It is worth noting that graph lasso has similar difficulties on this dataset as in the toy examples. When following the solution path by varying the penalty parameter, it is difficult to find a good compromise between sparsity and connectivity: either the obtained graphs are very dense being difficult to plot and harder to interpret, or are increasingly sparse in which, however, several interesting structural connections are lost since many singleton nodes are created.
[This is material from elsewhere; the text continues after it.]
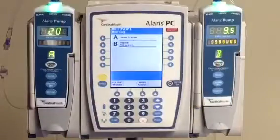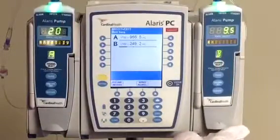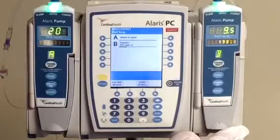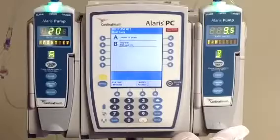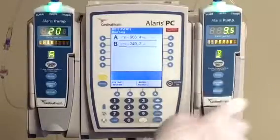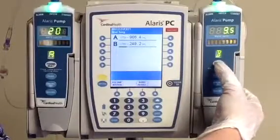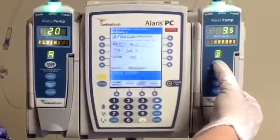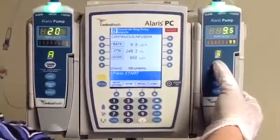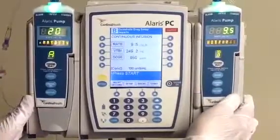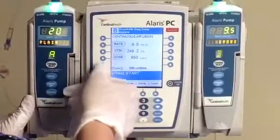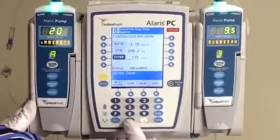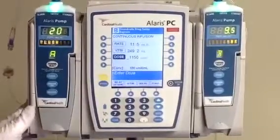We have to change our rate based on the heparin level result of 0.12, which means that we're going to have to increase our rate to 1150 — an increase of 200 units — and we're going to give a 3,000 unit bolus. So let's start by talking to our module, clicking channel select, and we're going to start by changing our rate. Increasing 200 units is going to put us at 1150, and using our smart pump it's going to calculate our rate for us.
For a graphical depiction, refer Figs. 1–3 in Supplementary material A. The R and C++ source code for this experiment using TiWnet is available at http://bmda.cs.unibas.ch/TiWnet.
The “Landscape” of glycosidase enzymes of Escherichia coli.
In yet another real-world experiment, we use TiWnet to extract the network of Glycosidase enzymes of Escherichia coli. Every enzyme is represented by its vectorized contact map computed from their PDB (Protein Data Bank) files. A contact map is a compact representation of the topological information of the 3D protein structure, present in the PDB file, into a symmetric, binary 2D matrix consisting of pairwise, inter-residue contacts: for a protein with R amino acid residues, the contact map (see Fig. 15) would be a R×R binary matrix CM where CM
ij
=1 if residues i and j are similar or 0 otherwise. The starting point for TiWnet is the contact map representation of an enzyme whose row-wise vectors serve as strings. To obtain the pairwise distances between strings in these contact maps, we compute the Normalized Compression Distance (NCD) (Li et al. 2004) which is an approximation to the Normalized Information Distance (NID). The NID (Li et al. 2004) is a distance metric minimizing any admissible metric between objects. Given strings x and y, NID is proportional to the length of the shortest program that computes x|y as well as y|x and is defined as
$$\mathit{NID}(x,y) = \frac{\max\{K(x|y),K(y|x)\}}{\max\{K(x),K(y)\}} = \frac {K(xy)-\min\{K(x),K(y)\}}{\max\{K(x),K(y)\}} $$
where K(x) is the Kolmogorov complexity of the string x. The real-world approximated version of NID is given by NCD and is calculated as follows:
$$\mathit{NCD}(x,y) = \frac{C(xy)-\min\{C(x),C(y)\}}{\max\{C(x),C(y)\}}, $$
where C(xy) represents the size of the file obtained by compressing the concatenation of x and y. We use the ProCKSI-Server (Barthel et al. 2007; Krasnogor and Pelta 2004) to compute NCD(x,y).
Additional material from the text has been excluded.